Last updateSam, 31 Jan 2015 7pm

African intellectual: 'Amilcar Cabral's spirit lives on'

Dr. Firoze Manji, an African intellectual and co-editor of a newly-published book on Amilcar Cabral, who led the war of independence in Guinea Bissau, has observed that his spirit continues to live on and his killers fear him even in death.

Dr. Manji, the Head of Documentation and Information Center of Council for the Development of Social Research in Africa (CODESRIA), made the remarks during an exclusive interview with PANA as he reflected over the killing of Cabral in 1973.

He said when he visited Guinea Bissau to pay respects to the memory of Cabral by visiting his mausoleum, which was in a military camp, there was no access for the civilian population.

'Perhaps this was because the military recognise that memorials are more about the future than about the past,' he said.

'For me this visit made me realise the importance of much of Cabral's writings and praxis, the profound importance of this revolutionary as well as some of the failures that we in Africa will need to resolve. How did Cabral end up here?' Dr. Manji asked.

He described Cabral as a scientist, a theoretician of liberation and a poet as well as someone directly engaged in working with peasants to establish a new society in the liberated zones.

Still reflecting  over Cabral and his work, Dr. Manji said the revolutionary learnt a lot from the peasantry and history.

'There is a preconception held by many people, even of the left, that imperialism made us enter history at the moment when it began its adventure in our countries,' he quoted Cabral was quoted stating.

Turning to culture, Dr. Manji spoke of Cabral as some one who placed high value on  people and their culture.

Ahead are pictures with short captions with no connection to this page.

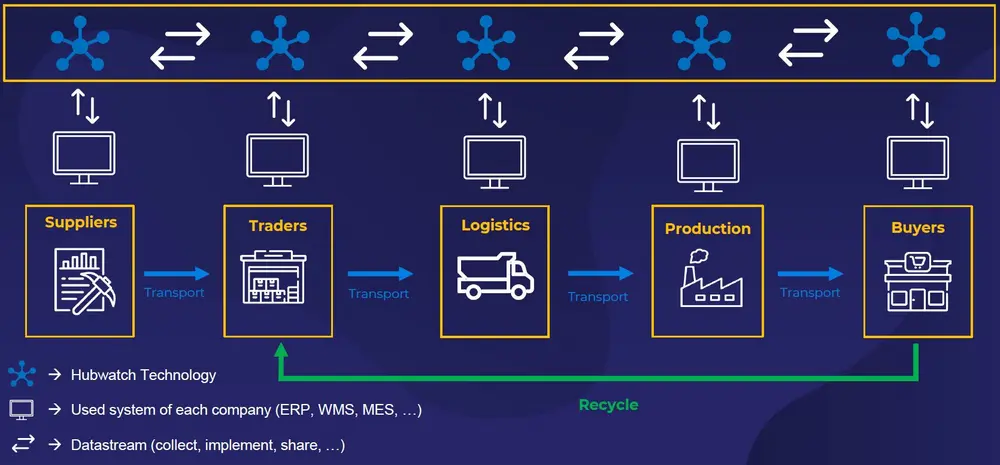 toeleveringsketen Hubwatch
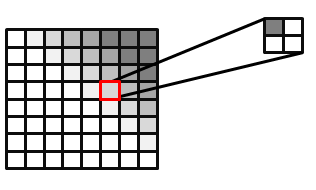 Pcf-gefiltertes Bild, wobei 25 Prozent des ausgewählten Pixels abgedeckt sind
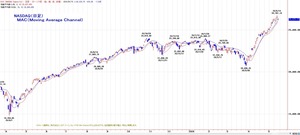 nasdaq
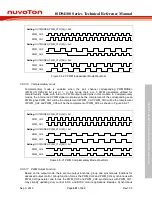 Preview for 421 page of Nuvoton ISD94100 Series Technical Reference Manual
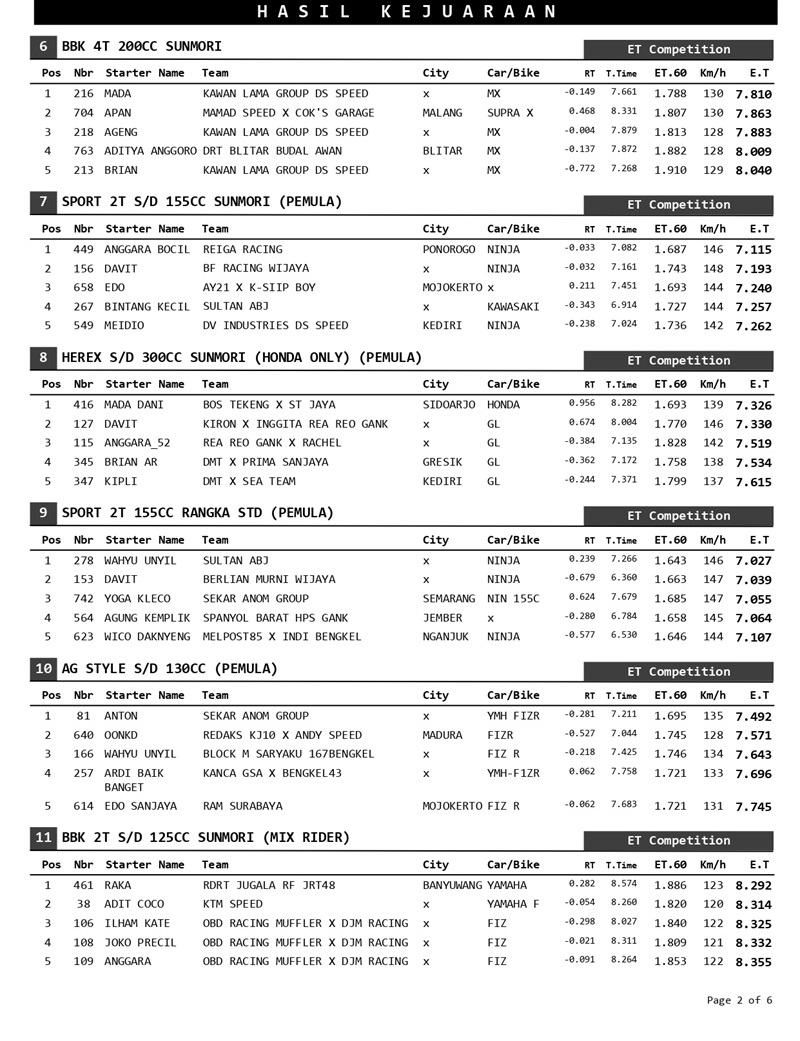 KEJUARAAN page 0002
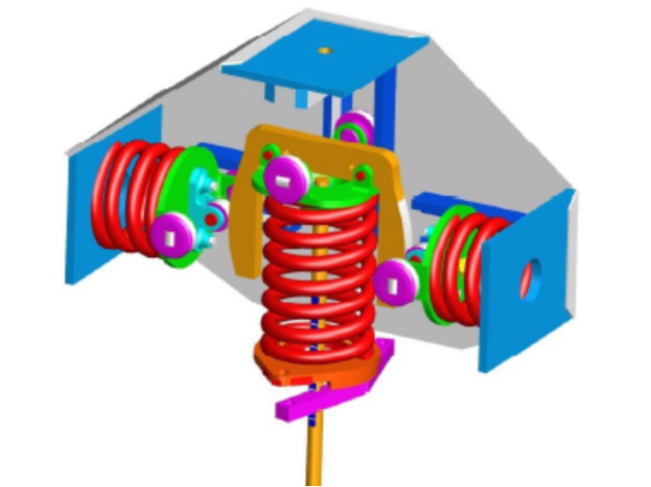 CAD model of the MA-Series mechanism showing the central main spring and the surrounding auxiliary spring group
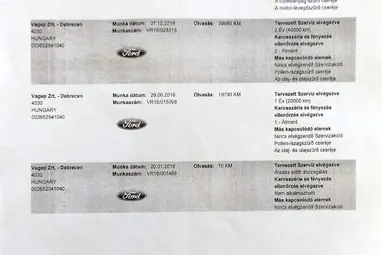 FORD FIESTA Van 1.5 TDCi Trend Frozen White +Full Vezetett Szervízkönyv +Kitűnő állapot !!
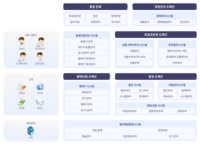 스포츠토토, 투표권 운영 플랫폼 K-TOS로 발매부터 정산까지 전 과정 통합 관리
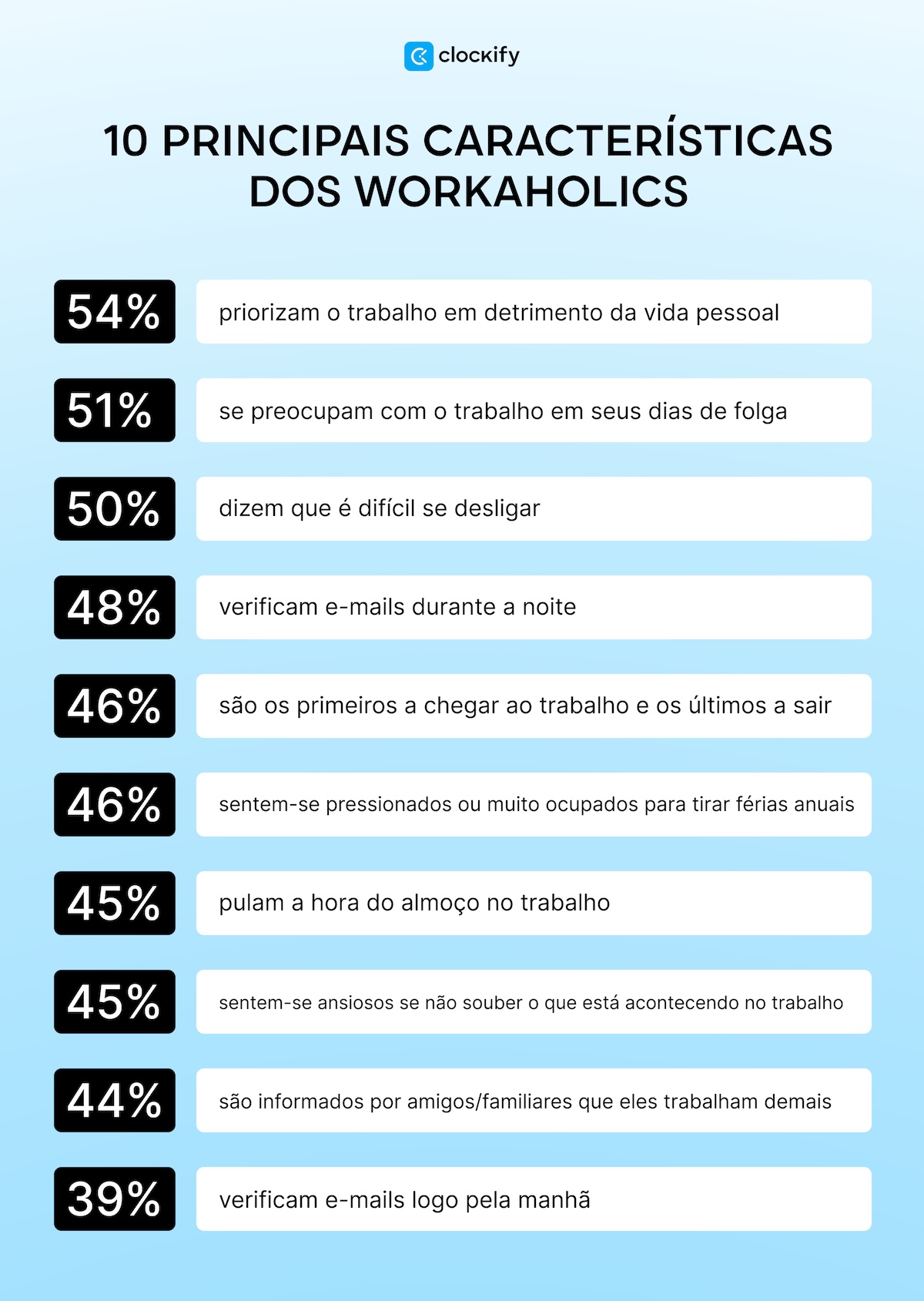 sinais de workaholic na vida pessoal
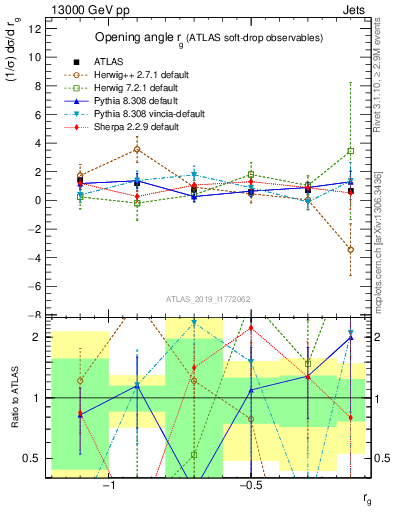 Plot of softdrop.rg in 13000 GeV pp collisions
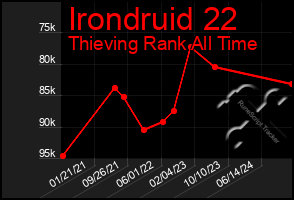 Total Graph of Irondruid 22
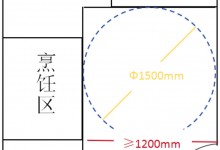 科大集成灶|這幾個(gè)廚房適老化設(shè)計(jì)，讓爸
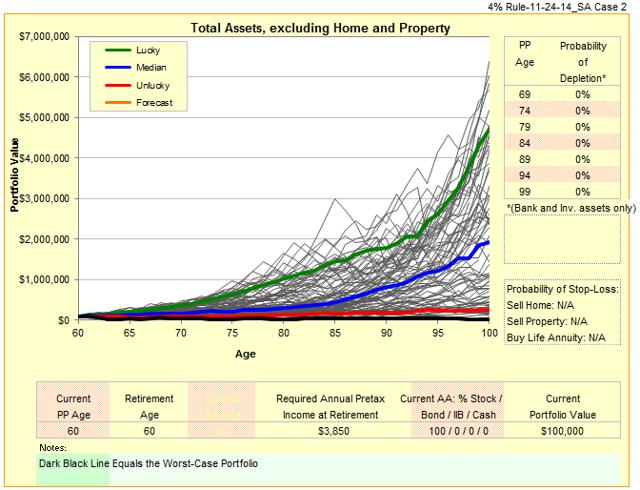 Safe Withdrawal Rates, Part 1 Retirement�s 4 Rule Seeking Alpha
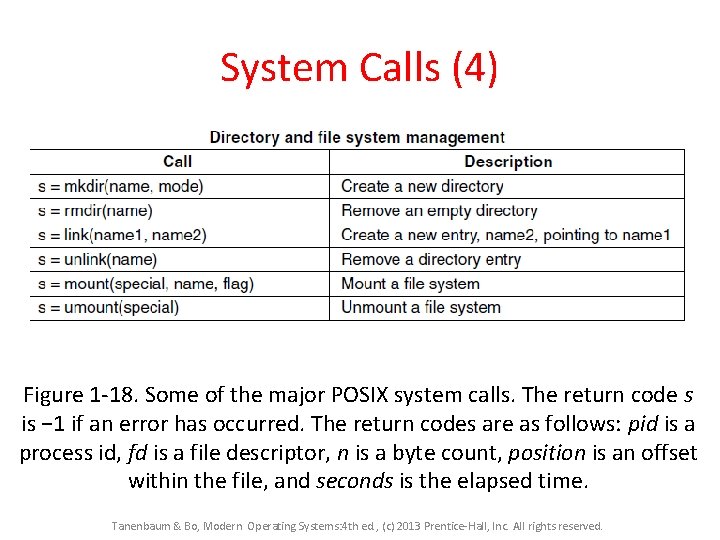 System Calls (4) Figure 1 -18. Some of the major POSIX system calls. The System Calls (4) Figure 1 -18. Some of the major POSIX system calls. The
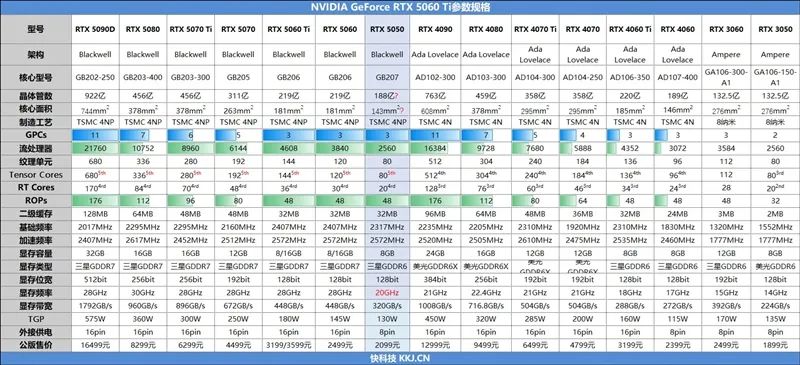NVIDIA RTX 5050首发评测：DLSS4/AI/生产力全方面飞跃 完美替代RTX 3050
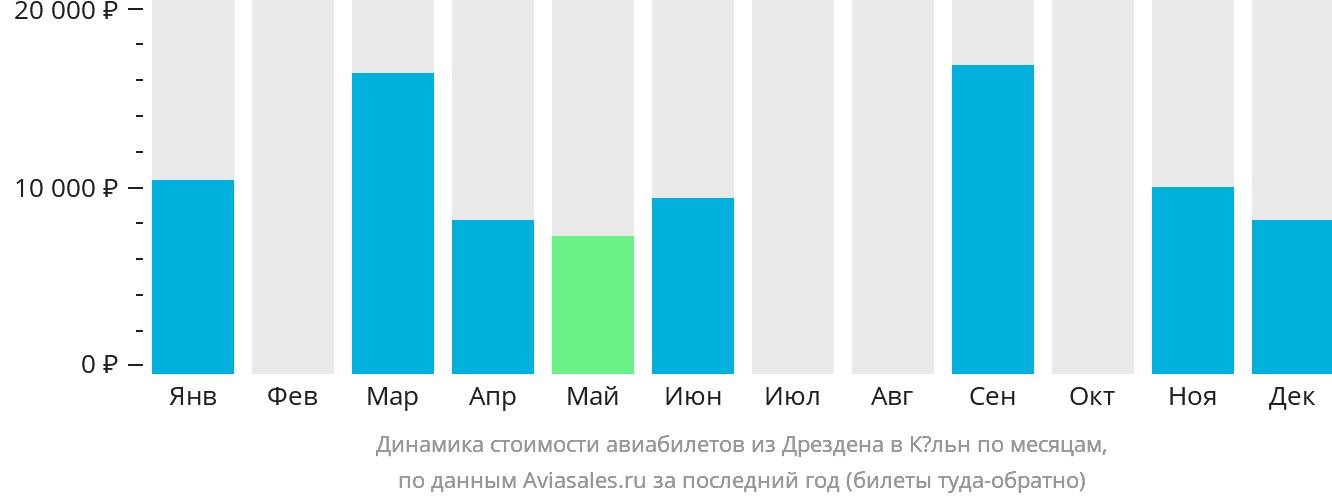 Динамика стоимости авиабилетов из Дрездена в Кёльн по месяцам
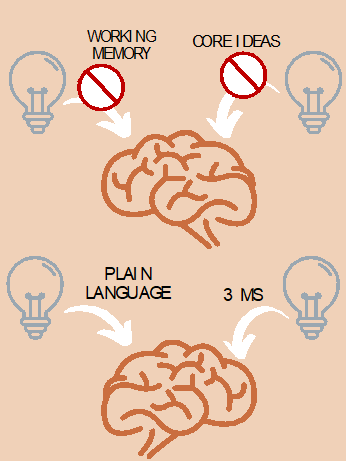 On the top half of the page, two light bulbs represent ideas trying to enter the image of the brain (via arrows), but they are blocked by pieces of text reading “working memory” and “core ideas”. On the bottom half of the page, two light bulbs represent ideas flowing freely (via arrows) into the brain image with the help of pieces of text reading “plain language” and the “3Ms”. 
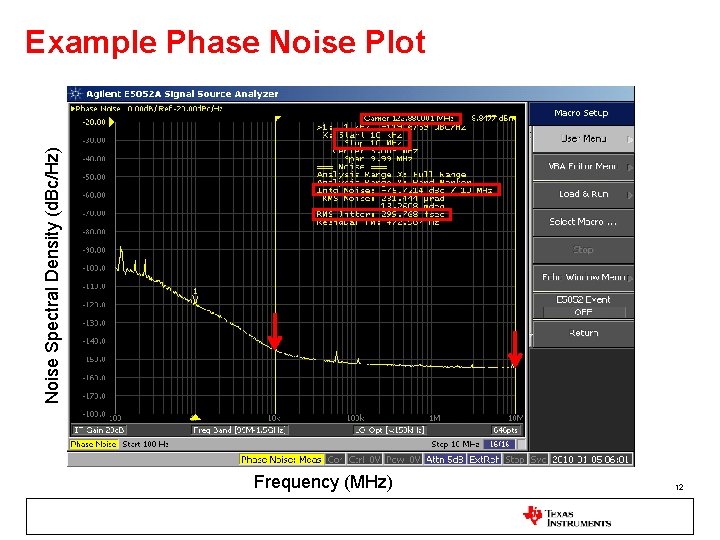 Noise Spectral Density (d. Bc/Hz) Example Phase Noise Plot Frequency (MHz) 12 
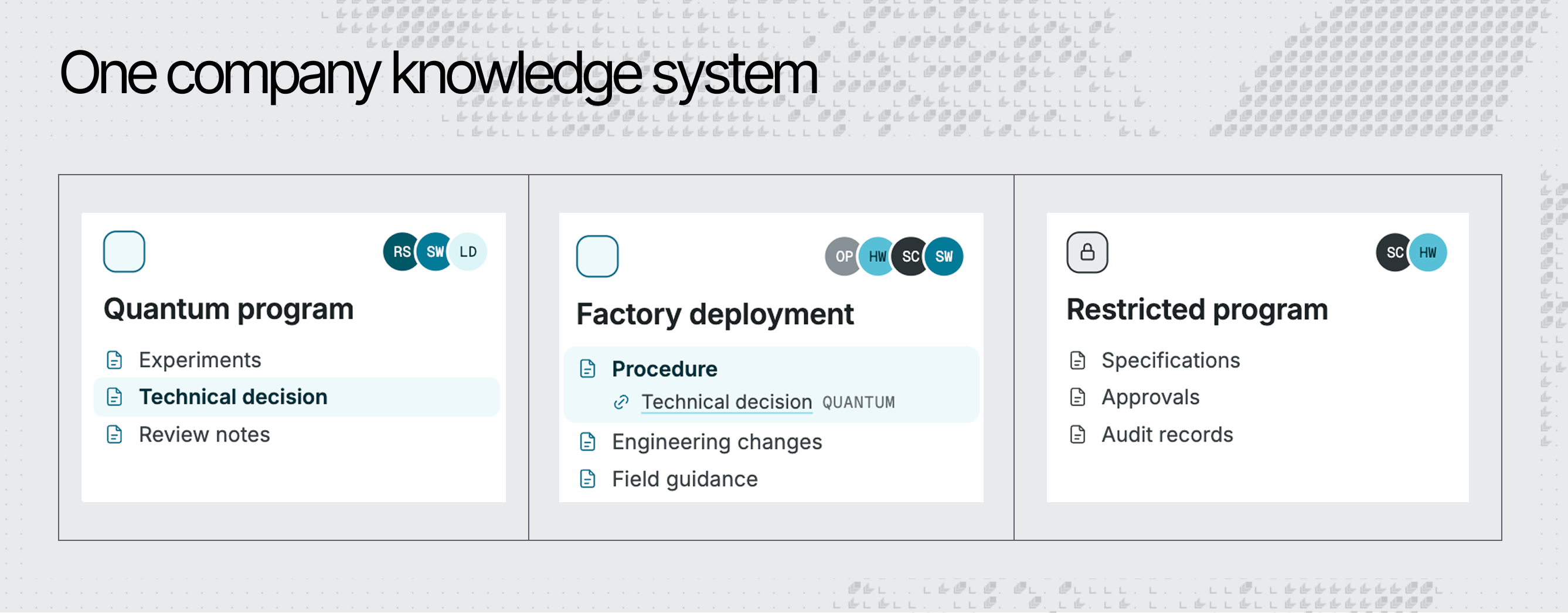 Three Space cards for a quantum program, a factory deployment, and a locked restricted program inside one knowledge system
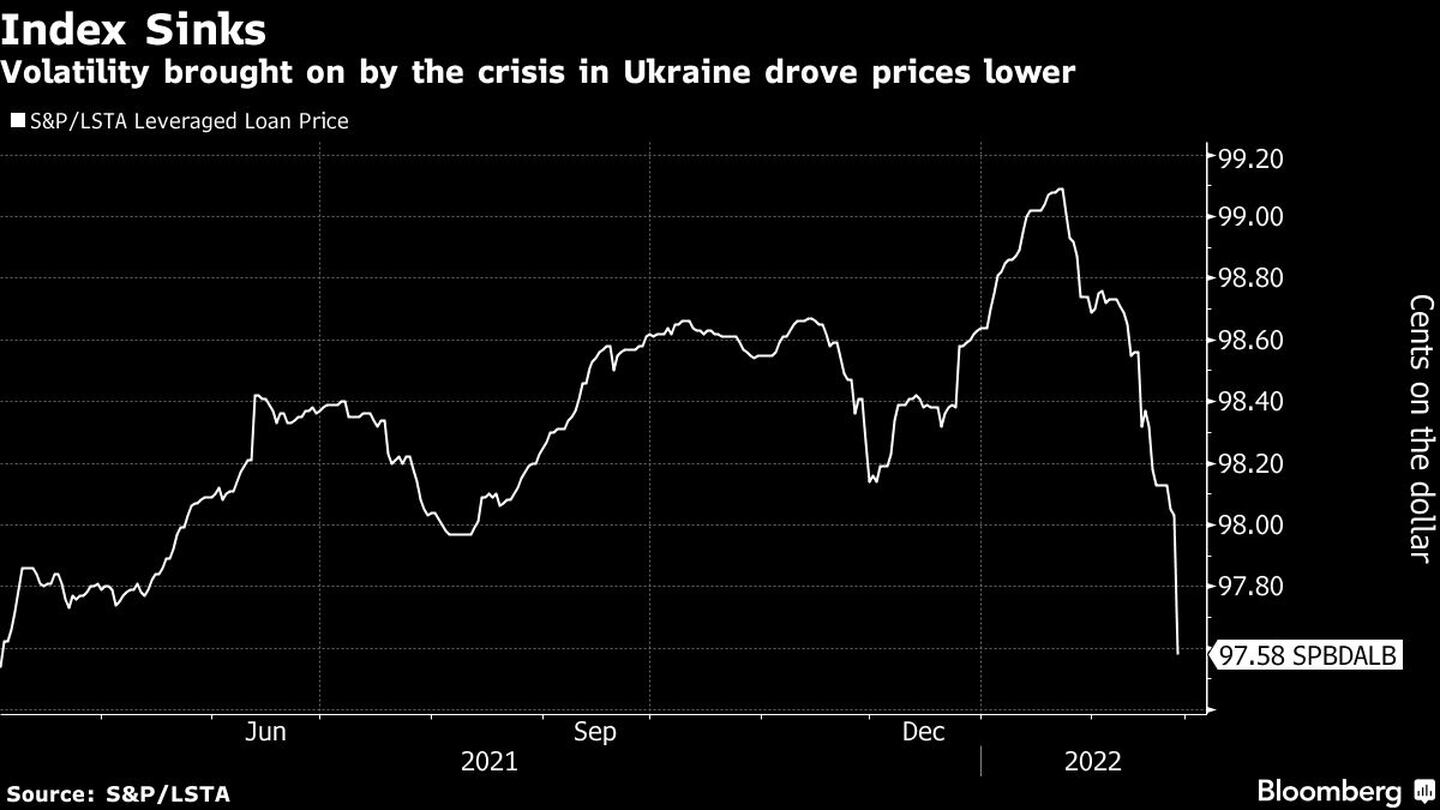 La volatilidad provocada por la crisis de Ucrania hizo bajar los preciosdfd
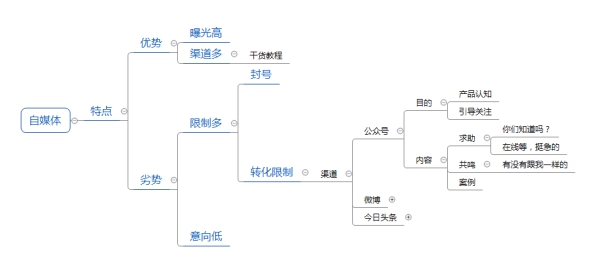 2021年如何做營(yíng)銷，選擇哪些營(yíng)銷渠道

'Culture is an essential element of the history of a people. Culture is, perhaps, the product of this history just as a flower is the product of a plant,' he reiterated.

According to Dr. Manji, Cabral also looked at the 'nature of petit bourgeoisie', the vacillating class.

'My own view is that there are no real conflicts between the peoples of Africa. There are only conflicts between the elites,' Cabral reportedly said.

The book entitled 'Claim No Easy Victories, The Legacy of Amilcar Cabral' was edited by Firoze Manji and Bill Fletcher Jr.